UBC is situated on Indigenous lands. That's a legal fact - title has not been extinguished. No treaties have been signed dealing with the land UBC sits on. The young men from the workshop can complain, can say has history has moved past, they might even point to how Indigenous cultures are primitive and people just need to get over it (and cite a person they mentioned at one point, Frances Widdowson, whose published work equates Indigenous societies to the era of savagery).  The material facts, however, challenge their assertions.  The detailed scientific record documents long lasting societies in which massive cedar frame homes existed in the same place for centuries. It wasn't perfect (tell me a human society that was or is ... ), but it was one way that human beings found to live engaged, creative, productive lives that respected an interplay between collective and individual wellbeing. But our young men appeared unwilling to hear the possibility of other ways beyond their own way of doing things.

As a man, as a father of young men, as a university teacher I feel for the angst these young men expressed during the workshop.  But I am pretty sure they have got it wrong. They seem to feel that other people are getting an advantage over them - by other people I think they mean women and people of colour.  But what they are experiencing is in fact having to compete with a group of people who had previously been excluded from the competition in the first place and in comparison, many of them come up lacking (not all, but enough to motivate a movement).

One of the successes of second wave feminism involved dismantling a lot of the barriers that women faced. My late mother, who was a school teacher, used to talk of how she came out to UBC as a young women to talk with faculty in the horticultural program about studying there (keep in mind this was the late 1940s or early 1950s).  They sized her up and said, without even discussing academics, women aren't good horticulturalists, maybe you should consider becoming a nurse or a teacher? Her experience was not dissimilar among women of her generation.  Second wave feminism attacked those false boundaries. Admission requirements (formal or informal) based on gender are no longer supposed to be tolerated. In this context, and despite the expansion of post secondary opportunities, young men are finding themselves at a disadvantage - not becuase of unfair advantages granted to women, but becuase they just don't measure up now that the special advantage of being male has been removed. 

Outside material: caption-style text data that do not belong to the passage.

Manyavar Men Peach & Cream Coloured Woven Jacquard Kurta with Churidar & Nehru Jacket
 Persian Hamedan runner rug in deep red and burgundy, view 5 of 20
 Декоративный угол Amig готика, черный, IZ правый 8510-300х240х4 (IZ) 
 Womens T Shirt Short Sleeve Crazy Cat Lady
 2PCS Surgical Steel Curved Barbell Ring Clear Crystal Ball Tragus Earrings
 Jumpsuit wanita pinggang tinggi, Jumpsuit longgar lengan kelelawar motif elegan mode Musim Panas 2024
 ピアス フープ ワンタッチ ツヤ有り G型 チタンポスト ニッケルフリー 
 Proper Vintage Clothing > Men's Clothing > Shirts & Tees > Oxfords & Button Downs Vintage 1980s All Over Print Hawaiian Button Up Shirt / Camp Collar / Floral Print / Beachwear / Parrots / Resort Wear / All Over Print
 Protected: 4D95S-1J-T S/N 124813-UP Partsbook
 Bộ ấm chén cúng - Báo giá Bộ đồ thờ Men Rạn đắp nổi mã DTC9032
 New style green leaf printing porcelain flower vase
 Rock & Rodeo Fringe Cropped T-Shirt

Now before anyone suggests I selling my gender out or that I might be suggesting no young man is smart enough to make it, let me be clear that is not what I am saying. What I am saying is that even as the barriers to women's full participation in post secondary are coming down the messaging to young men hasn't yet caught up. The old message implied that being a boy and a young man gave you something a little bit special. The new message is that being a human being in our various and marvellous forms is what makes us special - not the gender assigned to us.  But while young men are still hearing the old whispers about how special they are, they aren't seeing as many special rewards as they might think they deserve.  In fact some of them rather feel like they are being made fun of, dismissed, rated down and discriminated against: but they are not.

And there we were at the end of the workshop with a half dozen young men stading in a half circle facing down the moderator and one elderly gentleman. It was as though they thought that if they expressed their feelings enough times, if they shifted their circle a bit tighter, if they said it loud enough, then all of us sitting quietly around the outside might somehow change our minds and "say you're right, it's so terrible that your special privileges are being taken away." But that isn't going to happen. Not today, not tomorrow, not ever.